Da mesma forma que a imunologia, a genética diz respeito, exclusivamente, ao gradativo domínio do pensamento molecular que passou a buscar a causa e o tratamento das doenças na estrutura da molécula a partir dos trabalhos dos pesquisadores:

   A. James Watson e Francis Crick, em 1953, propuseram o modelo da dupla hélice do ADN;

   B. Raymond Turpin e Jérôme Lejeune, em 1959, comunicaram a presença do cromossomo anômalo no 21.º par cromossômico, doença genética que ficou conhecida como trissomia;

   C. Diversos autores, nos Estados Unidos da América e em países da Europa Central, publicaram artigos sobre a recombinação genética, isto é, o isolamento de fragmento de ADN de um cromossomo, em seguida modificar a sua estrutura e reintroduzir em outro organismo;

   D. Em 1999, termina o estudo morfológico do mapa genético do homem levado a cabo por meio de consórcio internacional de laboratórios e cientistas dos países industrializados.
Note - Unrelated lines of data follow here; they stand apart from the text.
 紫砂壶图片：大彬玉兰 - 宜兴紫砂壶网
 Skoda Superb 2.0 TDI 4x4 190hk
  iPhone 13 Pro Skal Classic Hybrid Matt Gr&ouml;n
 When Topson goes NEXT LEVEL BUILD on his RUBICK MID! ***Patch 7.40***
Desde os anos 1950, os temas discursivos sobre o papel social da Medicina e do médico surgiram em torno de conjuntos hierarquizados, aparentemente em contraste, até polares, dos tipos: tradicional-moderno, ciência-magia e conhecimento-superstição, impondo fortes barreiras entre as Medicina-divina, Medicina-empírica e Medicina-oficial.
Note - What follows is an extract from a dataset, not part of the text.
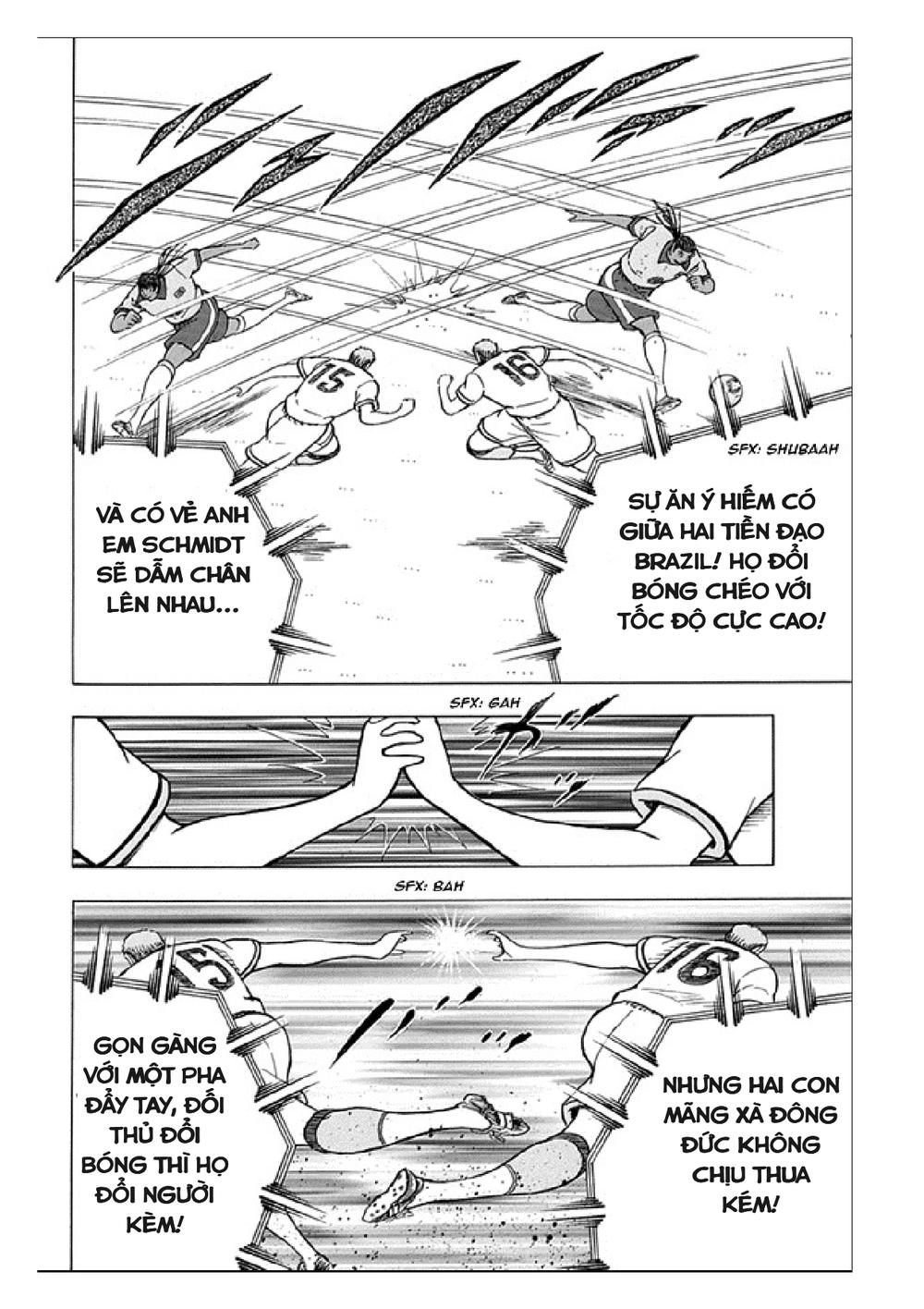 Captain Tsubasa: Rising Sun Chap 52 - Next Chap 53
A indústria médico-hospitalar do pós-guerra forçou essa separação entre os conhecimentos médicos populares historicamente acumulados e as novas concepções da Medicina, em especial, as do pensamento micrológico. Com este objetivo, nos anos 1960, os meios de comunicação de massa ofereceram mensagens de competência de médicos e dos hospitais tecnológicos como o Dr. Kildare e o Dr. Cannon, produzidos nos países detentores da tecnologia industrial médico-hospitalar que necessitavam de convencimento público. Mais recente, os seriados que buscam solução de crimes utilizando a tecnologia médica em dimensão ainda menor, as moléculas dos genomas, utilizam aparelhos sofisticados inexistentes nos países pobres e se tornaram, na administração pública, os mais novos objetos de desejo.
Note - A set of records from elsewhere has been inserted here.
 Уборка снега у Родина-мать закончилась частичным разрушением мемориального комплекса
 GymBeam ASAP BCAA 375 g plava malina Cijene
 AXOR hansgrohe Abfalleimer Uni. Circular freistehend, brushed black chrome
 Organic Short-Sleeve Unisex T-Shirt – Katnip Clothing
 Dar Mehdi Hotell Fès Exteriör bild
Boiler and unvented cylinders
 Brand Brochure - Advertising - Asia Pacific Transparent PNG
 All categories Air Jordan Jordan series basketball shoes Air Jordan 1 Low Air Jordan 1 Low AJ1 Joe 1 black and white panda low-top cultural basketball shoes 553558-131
Essa estratégia bem sucedida para substituir, completa e definitivamente, as Medicina-divina e a Medicina-empírica pela Medicina-oficial pode ser compreendida a partir de cenas comuns no cotidiano nos ambulatórios como a da mãe que chega com um filho dizendo que ele recusa todos os alimentos. O médico, com boa formação humanística e conhecedor da realidade sócio-cultural, argumenta que não há necessidade de remédios e que a mãe deve buscar alternativa na apresentação do alimento. Depois de ouvir todas as argumentações a mãe fulmina: "Doutor, se não vai receitar as vitaminas, a minha vinda aqui foi inútil!".